OpenAPC / openapc-de

Collect and disseminate information on fee-based Open Access publishing
https://treemaps.openapc.net/
119 stars 118 forks source link

Ask contributors to provide data on all APC payments #97

Open tullney opened 8 years ago

tullney commented 8 years ago

We should aim at having the best data for analyses of APC payments. Therefore, the data should be as complete as possible. In some cases, contributors can - for pragmatic reasons - only contribute parts of their data (e.g. payments to a particular publisher) and have to postpone contributing other data. This leaves us with a bias in terms of 'biggest recipients of APC payments'. Examples: MPDL has added more and more publishers to their data (https://github.com/OpenAPC/openapc-de/commits/master/data/mpg), while for LMU München there’s just Springer/BMC data (https://github.com/OpenAPC/openapc-de/tree/master/data/lmu). See in this picture the huge impact this has on visualizing the APC recipients (German universities to publishers data with LMU being turquoise ):

publishers

While these issues might improve over time, there’s another concern I’d like to add to the picture: Institutions choosing to deliberately hold back parts of their data. See e.g. this statement of U of Leipzig (cc: @vielera):

Data on hybrid OA and APC above 2.000 EUR are not included (exceptions due to currency exchange rates). (https://github.com/OpenAPC/openapc-de/blob/0901f552ca166c5cba8e702c9e6807a443b39f19/data/unileipzig/README.md)
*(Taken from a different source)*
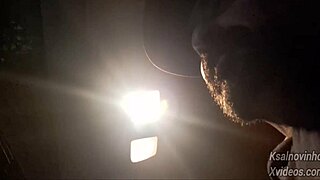 Punheta arriscada para gostosa na rua em público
We all know that we can only gather parts of the APC payments – there is a huge gray area. But if the data is available to a data provider, then I’d really suggest that this data is provided to the Open APC initiative as complete as possible. There might we problems or concerns I did not see, but maybe we can at least agree on the general goal?

Maybe we can have a discussion here and/or during the workshop in April? What do you think?

vielera commented 8 years ago

I think this is a very important issue. Regarding my statement on the Leipzig University Dataset, I'd like to clarify that we do not deliberatly hold back any data, but that we simply do not have access to data regarding hybrid APC and on APC that are not covered by the fund. The information has been added for transparency and to allow a better interpretation of the dataset. Maybe it would help, if we could agree on a miminum of explanation accompanying each dataset, that clarifies the completeness?

dirkpieper commented 8 years ago

Thanks for the discussion, which I would like to continue at our workshop in Bielefeld. I would also agree to vielera that this is not a question about holding back data. For example to name the APC cost for a RSC voucher is a challenge. In another case, we discussed how to deal with invoices above the dfg price cap and how to deal with splitting the amount of money. In this case we thought its better to name the total price for the institution, which differs from the expenditure of the funds.